Donald Trump and Hillary Clinton, frontrunners in the race to be the US presidential candidates for the Republican and Democratic parties, have secured comfortable victories in the crucial New York primary election.
Mrs Clinton, after beating Bernie Sanders, said her victory for the Democratic nomination was in sight.
Mr Trump looked set to take nearly all the 95 Republican delegates at stake.
He said his nearest rival Ted Cruz was "just about mathematically eliminated".
With more than 98% of the results in, Mr Trump is leading with just over 60% of the vote while Mrs Clinton has just under 58%.
US networks projected that Mr Trump had won in his home state barely seconds after the polls closed at 21:00 EDT (01:00 GMT).
Speaking at Trump Tower in Manhattan, he said: "I have to say to the people that know me the best - the people of New York - when they give us this kind of a vote it's just incredible."
A new-look Trump has a chance - by Anthony Zurcher, BBC North America reporter
Donald Trump needed a commanding victory, and he got it. Although the results in the state's 29 congressional districts - which allocate three convention delegates apiece - have yet to be finalised, it appears likely that Mr Trump will claim the lion's share of the 95 delegates at play.
Perhaps even more importantly, however, is the new, restrained Donald Trump on the campaign trail in the past few days. Gone are the incendiary tweets bashing his opponents (and their spouses). Instead on Tuesday night the candidate gave a short speech hammering home his economic message, emphasising his delegate and vote lead, and laying the groundwork to argue that he should be the party's nominee even if he doesn't win the 1,237 delegates necessary to claim the nomination outright.
Mr Trump recently brought in several experienced political hands to manage his campaign after a turbulent few weeks. If this new demeanour is part of the change they have inspired, Mr Trump could prove to be a more formidable opponent not just at the ballot box in upcoming primaries but in the contest to win over those in the party still deeply suspicious of his candidacy.
"Tomorrow, we go back to work," Mr Trump said during his victory speech. It was a very un-Trump-like line - and something that should have his opponents very concerned.
He said he was going to get more delegates than "anyone projected even in their wildest imaginations".
Third-placed John Kasich picked up three delegates in New York.
Mrs Clinton told supporters her campaign for the nomination was "in the home stretch and victory is in sight".
"New Yorkers, you've always had my back and I've always tried to have yours," she said. "Today together we did it again and I am deeply, deeply grateful."
It had been a fierce campaign in the state, with Mrs Clinton - a former New York senator - and Mr Sanders - born in Brooklyn - using their local ties to attract voters.

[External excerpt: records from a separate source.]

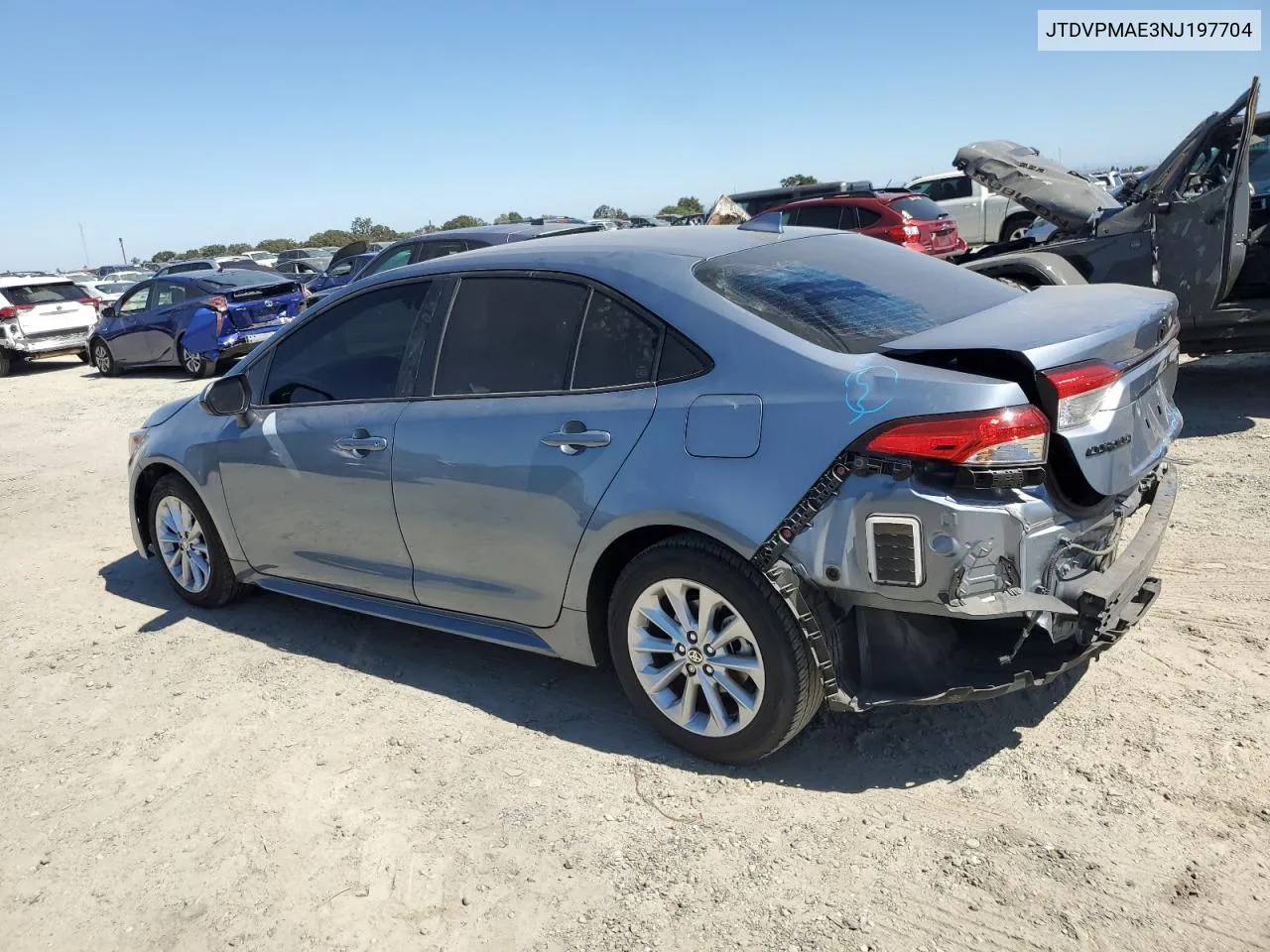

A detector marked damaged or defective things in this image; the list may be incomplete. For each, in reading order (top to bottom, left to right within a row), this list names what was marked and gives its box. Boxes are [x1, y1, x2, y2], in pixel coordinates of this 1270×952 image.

crumpled hood [954, 141, 1122, 238]
damaged dark suv [954, 77, 1264, 357]
crumpled hood [140, 396, 193, 428]
damaged rear end [756, 282, 1183, 710]
rear bumper missing [802, 467, 1178, 710]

The Democratic campaign has turned increasingly negative, with Mrs Clinton and Mr Sanders trading barbs about their qualifications.
But following the latest result in the race for the Democratic nomination, Mrs Clinton said there was "much more that unites us than divides us".
US media reaction
- Donald Trump's win will shift the momentum away from the anti-Trump movement and back to the brash businessman, the New York Daily News says
- In her home state, Hillary Clinton seemed relaxed for the first time in a "rocky and unpredictable Democratic race," according to the New York Times
- A series of distractions in the lead-up to the New York vote meant Bernie Sanders never came close to pulling off the upset victory he had predicted, Politico says
- Republican contender John Kasich's second-place showing in New York bolsters his argument that he - rather than Ted Cruz - would be most likely to beat Donald Trump in a contested convention, the Washington Post argues
The voting in New York was marred by widespread complaints of irregularities, including more than 125,000 people missing from New York City voter rolls. The city's chief auditing officer, Scott Stringer, ordered a review of the city's Board of Elections (BOE) over what he called "chaotic and inefficient" organisation.

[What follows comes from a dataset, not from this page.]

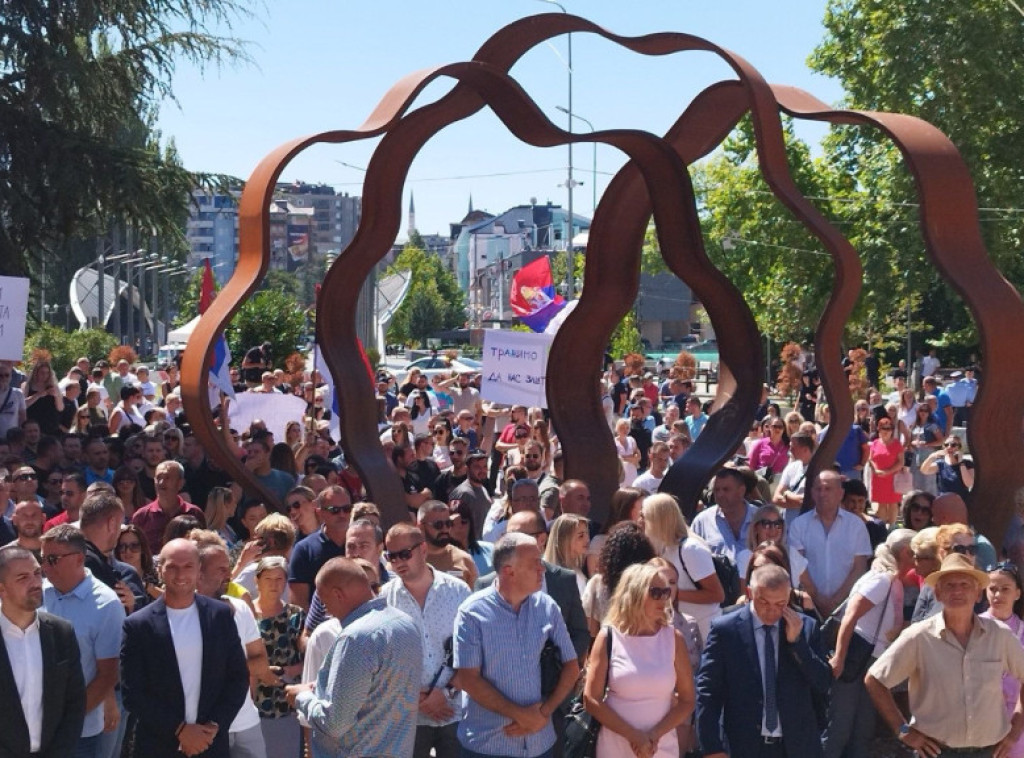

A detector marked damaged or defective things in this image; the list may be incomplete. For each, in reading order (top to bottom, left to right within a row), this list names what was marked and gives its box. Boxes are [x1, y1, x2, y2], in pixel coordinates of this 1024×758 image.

rusty metal sculpture [180, 11, 1024, 548]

Bernie Sanders, who has vowed to fight on in the nomination process, spent Tuesday in Pennsylvania before heading home to Vermont for a day off the campaign trail.
Republican hopeful Mr Cruz, whose criticism of "New York values" attracted scorn in the state, had also moved on to Pennsylvania. He dismissed the New York primary result as nothing more than "a politician winning his home state", according to the Associated Press news agency.
Pennsylvania is the most important of five states holding both Republican and Democratic primaries on 26 April, and then candidates will look to score successes in Indiana on 3 May.